[Short text fragments from websites]
::::::::::
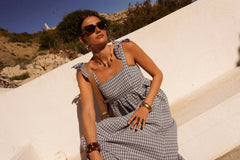 In April 1986In April 1986 Ventara Blue Check Midi DressDressesBlue - Blue Water Clothing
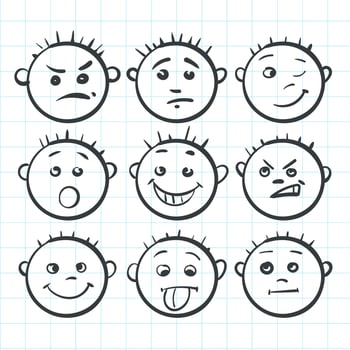 Set of hand-drawn faces. vector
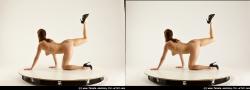 Nude Woman White Slim long colored 3D Stereoscopic poses Pinup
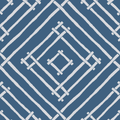 Island House Bamboo Trellis Fabric - Ocean Blue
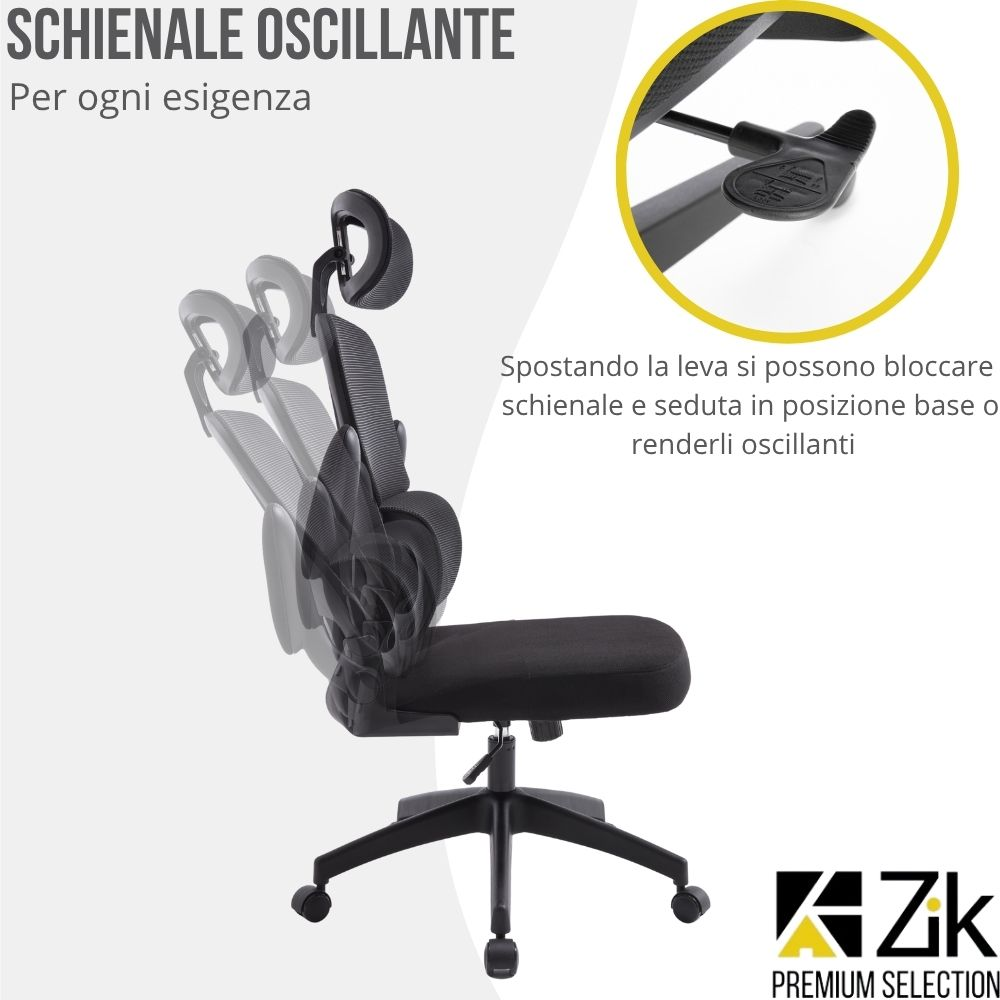 Sedia da ufficio nera con schienale regolabile, primo piano del meccanismo leva.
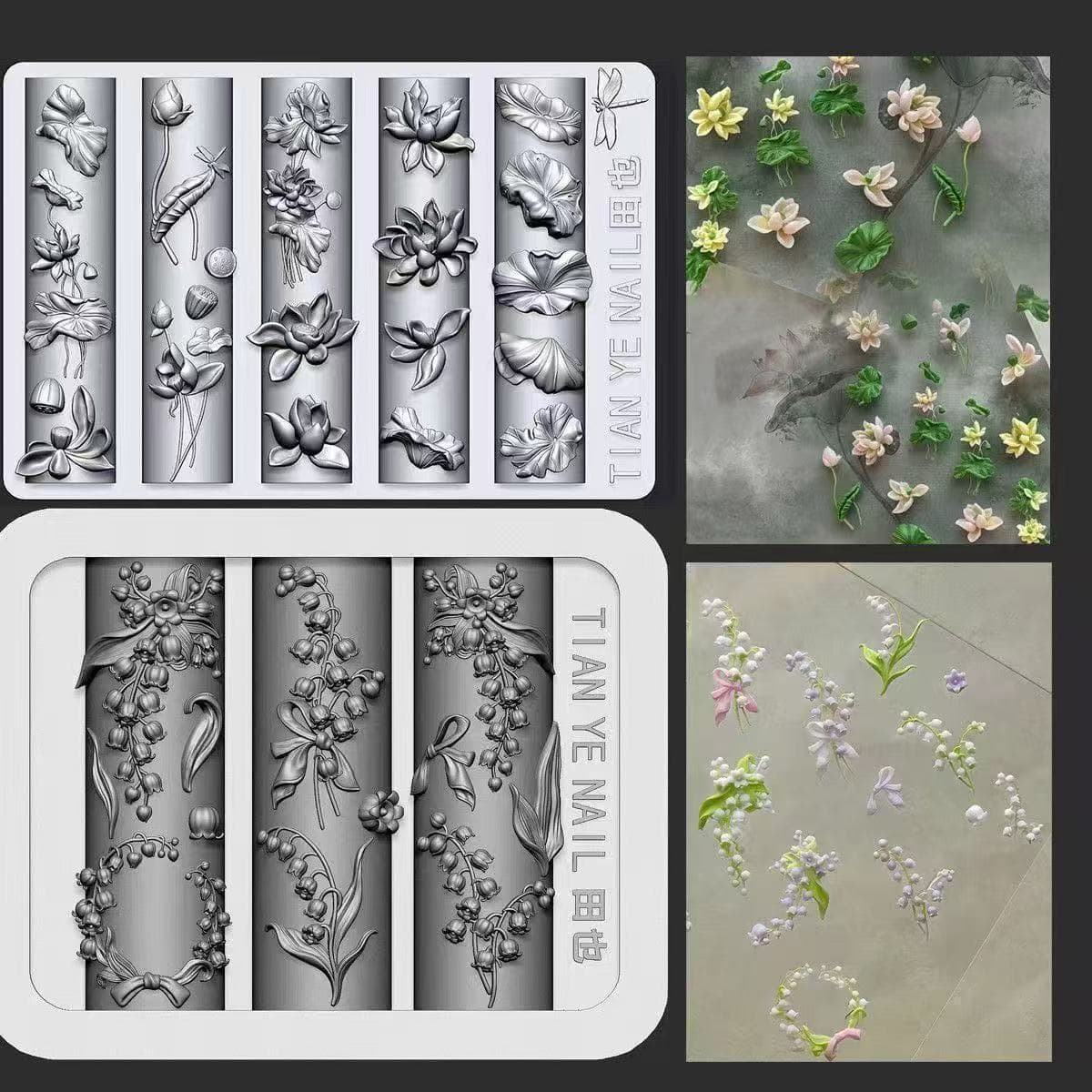 June's new manicure mold Chili lotus and lily of the valley manicure decoration mold wearable nail decoration high transparency mold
::::::::::
Aim of the task: Repeat the data word for word, minus any pictures.

Worked solution:
 In April 1986In April 1986 Ventara Blue Check Midi DressDressesBlue - Blue Water Clothing
 Set of hand-drawn faces. vector
 Nude Woman White Slim long colored 3D Stereoscopic poses Pinup
 Island House Bamboo Trellis Fabric - Ocean Blue
 Sedia da ufficio nera con schienale regolabile, primo piano del meccanismo leva.
 June's new manicure mold Chili lotus and lily of the valley manicure decoration mold wearable nail decoration high transparency mold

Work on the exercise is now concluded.